• **TASK DIRECTIONS**: Transcribe the data verbatim and drop its images.

• **GIVEN INFORMATION**:

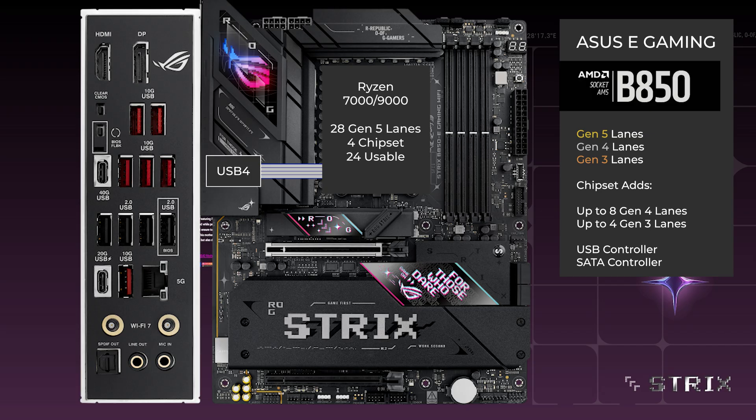4 lanes go to the USB 4 controller, connecting a single Type-C port on the back.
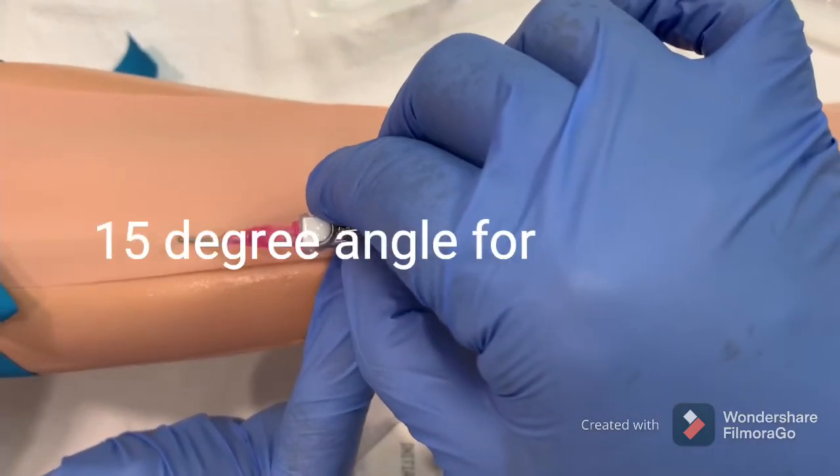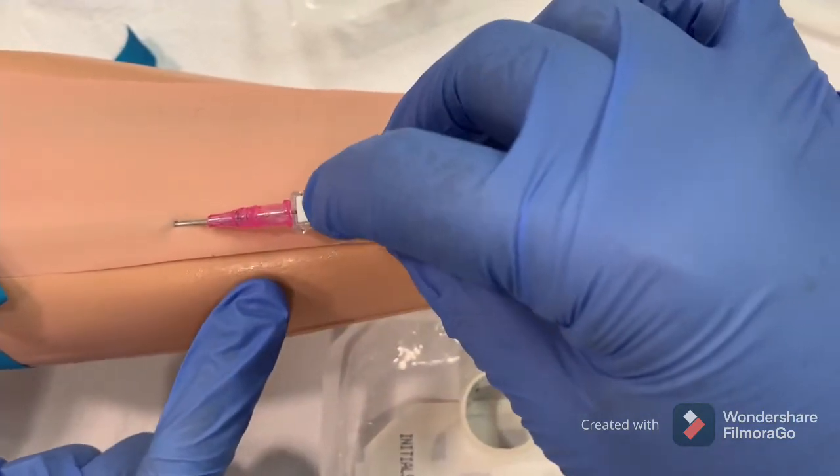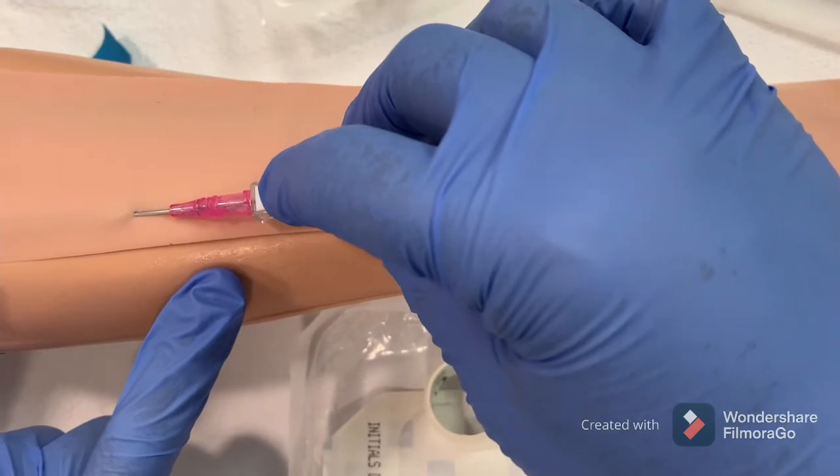Stretch the skin and once the tip of the needle is in, insert it forward. Once you touch the vein, you will see the blood backflow.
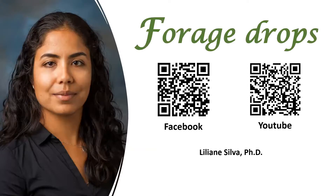With that, I would like to thank you for watching this video. Here are the Facebook and YouTube channels that I have — Forage Drops — where you can have access to more forage information, especially these videos. I have weekly videos being released on different forages, on different management and different concepts related to forages and animal topics. So just make sure that you check what's available there, and please reach out to me on this email if you have any questions.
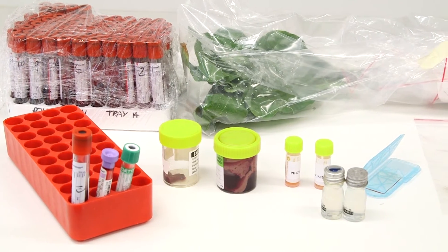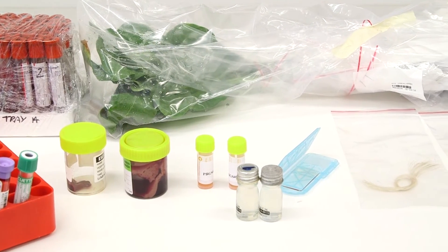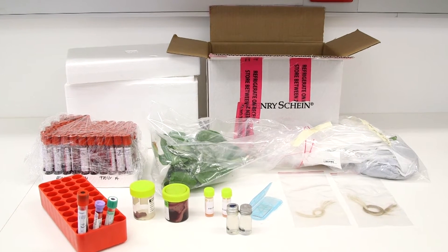By following these simple steps we can perform your tests quickly and accurately. Firstly, all biological samples including blood, swabs, liquids, bodily fluids, tissues, hair and plant matter must be packaged in a triple packaging system.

• **TASK RESULT**:
4 lanes go to the USB 4 controller, connecting a single Type-C port on the back.
Stretch the skin and once the tip of the needle is in, insert it forward. Once you touch the vein, you will see the blood backflow.
With that, I would like to thank you for watching this video. Here are the Facebook and YouTube channels that I have — Forage Drops — where you can have access to more forage information, especially these videos. I have weekly videos being released on different forages, on different management and different concepts related to forages and animal topics. So just make sure that you check what's available there, and please reach out to me on this email if you have any questions.
By following these simple steps we can perform your tests quickly and accurately. Firstly, all biological samples including blood, swabs, liquids, bodily fluids, tissues, hair and plant matter must be packaged in a triple packaging system.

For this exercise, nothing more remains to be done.